Turkmenistan: Half-Starved Soldiers Prop Up Economy

Military conscripts forced to work as unpaid labourers say they can barely have enough to eat.

Turkmenistan: Half-Starved Soldiers Prop Up Economy

Military conscripts forced to work as unpaid labourers say they can barely have enough to eat.

Saturday, 24 December, 2005
The sight of soldiers begging for food on the streets of Turkmenistan has become increasingly common in country where impoverished members of the military are used and abused as an unpaid workforce.



Despite statements from President Saparmurat Niazov about the need to strengthen Turkmenistan’s defence capabilities, conscripts in the armed forces do little soldiering. Instead, they work as hospital orderlies, builders, labourers in the oil, gas and textile industries – anywhere that can’t afford to pay qualified workers.



In theory, the civilian employer rather than the army is responsible for housing, feeding and paying the soldiers, but soldiers say that doesn’t happen. They complain that they are starving.



“We work for free, so we save money for the state, but it does not even manage to feed us properly,” said a conscript who works as an orderly at an Ashgabat hospital. “We are fed by the patients when their relatives bring them food.”



“Our president naively believes that the soldiers get paid 30 per cent of a [full] wage at the production plants and enterprises where they’re deployed,” said a senior army commander on condition of anonymity. “Enterprises which can’t afford to pay qualified workers use the soldiers as free labour.”



A soldier in Mary in southeast Turkmenistan said his unit spent the day labouring and the nights scrounging for food.



“At the end of the working day, one of us would run off without the foreman knowing, and go around the apartments blocks begging for food for us,” he said. “Some people gave food, others money. The feeling of hunger was so intense that we ate all the food he brought from his expedition on the spot and hid the money in our pockets.”



What food is made available is of such poor quality – grains, macaroni, black bread and weak tea without sugar – that soldiers are getting sick. Doctors say poor hygiene is also contributing to a rise in infectious diseases like hepatitis and tuberculosis.

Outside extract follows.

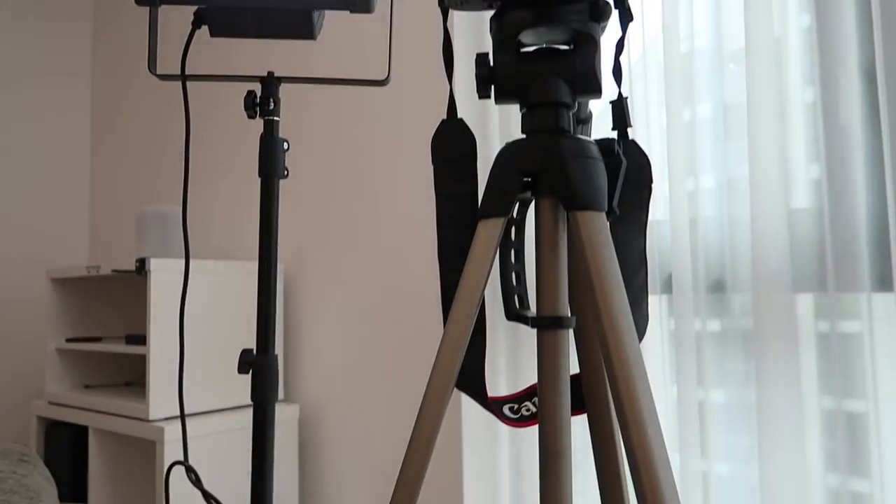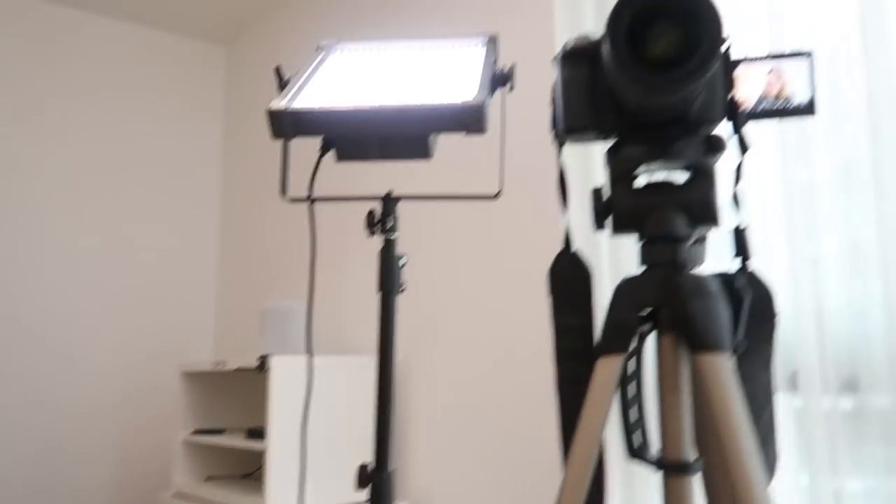Just getting myself all set up to film — microphone here, camera here, a light. I'm filming out in the living room because my office is a mess and it was easier to just come film out here than to tidy it, to be honest. Yeah, way to avoid the problem.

The vast majority of soldiers are also anaemic.



“For close to 100 per cent of the soldiers who get hospitalised, their health problems are the result of chronic hunger. Their immunity is weakened and even the young and strong are subject to various diseases,” said one doctor who regularly sees such cases.

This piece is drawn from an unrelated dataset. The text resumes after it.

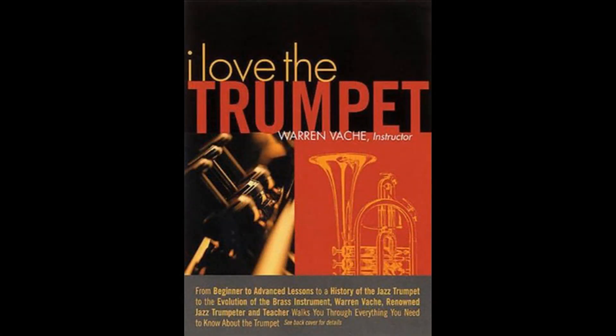Hi, this is Warren Vache of WarrenVache.com, trumpet player here in New York City and author of the DVD, I Love the Trumpet. In this clip, we're going to show you the different parts of a trumpet.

It is not surprising that many families pay a bribe to get their son out of conscription.



Niazov, commonly known as Turkmenbashi, appears oblivious to the sorry state of his armed forces. He says the civilian tasks they perform are a good preparation for later life, and that their efforts are important to the economy.



“This is a cheap workforce… that’s where the saving comes from,” he said, talking about his idealised vision where a hired-out soldier receives one third to one half of a full civilian wage, and a smaller proportion goes as a fee to the defence ministry – something that does not happen in reality.



While the conscripted men suffer, many of their officers are profiting from their misery. Commanders get a backhander for privately hiring their men out to work on building sites and farms, or just to clean up private yards.



“We were practically slaves on the building site of the unit commander’s cousin,” said a soldier who served in the Lebap region. “All day long, in 16-hour shifts, we built the walls for a three-storey mansion, and we were fed worse than the dogs guarding the yard.”



A retired army colonel concludes that the country is in no position to defend itself. “There can be no talk of fully-fledged national military structures,” he said.



“In formal terms, everything is in place: a defence ministry, a general staff, and military academies. But instead of an army, there is a group of hungry young people.”